In April 2012, Jonathan Hummel pleaded guilty to Class A felony dealing in a narcotic drug, two counts of Class B felony robbery, and Class D felony criminal mischief. In return for his guilty plea, the state dismissed all other pending cases, and Hummel was sentenced 31½ years in prison.
After his petition for post-conviction relief was filed in December 2015, Hummel moved for the judge’s recusal, and was Judge Michael Shurn was appointed a special judge in Starke Circuit Court. During the evidentiary hearing on Hummel’s petition, both Hummel and the state agreed to modifying Hummel’s sentence to include purposeful incarceration. In exchange, Hummel requested his petition for PCR be dismissed, which the special judge accepted.
However, 45-minutes later, Shurn informed the parties he did not have authority to modify Hummel’s sentence because he was only appointed to preside over the PCR case. The special judge then revoked his approval of the agreement and reinstated Hummel’s PCR case. The special judge later denied Hummel’s motion to correct error.

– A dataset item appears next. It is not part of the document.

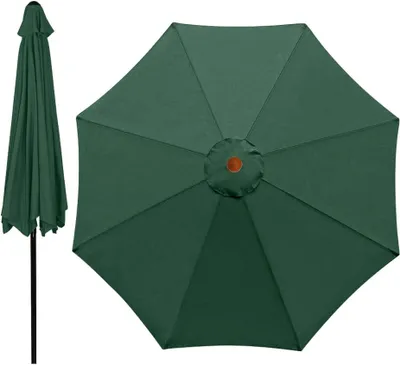 Produktbild von Ersatz-Sonnenschirmbezug 300 cm, 8 Rippen, wasserdicht, UV-Schutz, für Garten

In his pro se appeal, Hummel argued the special judge had the authority to accept the agreement between him and the State, and requested the appellate court clarify the special judge’s authority to accept such agreements. Hummel further insisted the state be bound by the agreement it made with him.
The State cross-appealed, arguing that the appeal in Jonathan Hummel v. State of Indiana, 75A03-1710-PC-2449, should be dismissed because it is not a final, appealable order. It also contended that Hummel did not follow the correct procedure to proceed with an interlocutory appeal, that he waived the issue by not presenting a cogent argument, and the special judge was ultimately correct in his assertion of lack of authority.
However, the appellate court found that the order from which Hummel appealed is a final appealable order under Indiana Trial Rule 59 and was not subject to dismissal on the state’s asserted ground.
Additionally, the appellate court relied on Indiana Supreme Court precedent in Johnston v. Dobeski, 739 N.E.2d 121, 123 (Ind. 2000) that stated an agreement between a prisoner and the county prosecutor was valid and the post-conviction court had the authority to accept an agreement that included a sentence different than that imposed at trial and to dismiss the post-conviction petition.
“Despite this precedent in favor of Hummel’s position, the state argues Special Judge Shurn did not have authority to accept the agreement to modify the sentence … but rather only had the authority to grant or deny the relief sought by Hummel in his petition for post-conviction relief,” Judge Melissa May wrote for the court.
“To accept the state’s argument appears to eliminate the possibility that a special judge could ever preside over a PCR action. Our Indiana Supreme Court has held a PCR court has the authority to accept agreements presented to it that modify the sentence in the underlying criminal case and we now hold that the authority vested in the judge presiding over a PCR action must be the same, whether that judge is an elected judge, a judge pro tempore, or a special judge,” May continued.
The appellate court found Shurn erred when he granted his own motion to correct error based on his belief he did not have the authority to accept the agreement reached by the state and Hummel. The COA also also denied the state’s cross-appeal request to dismiss Hummel’s appeal.
The panel remanded for the post-conviction court to re-enter its original order enforcing the parties’ agreement and dismissing Hummel’s PCR petition.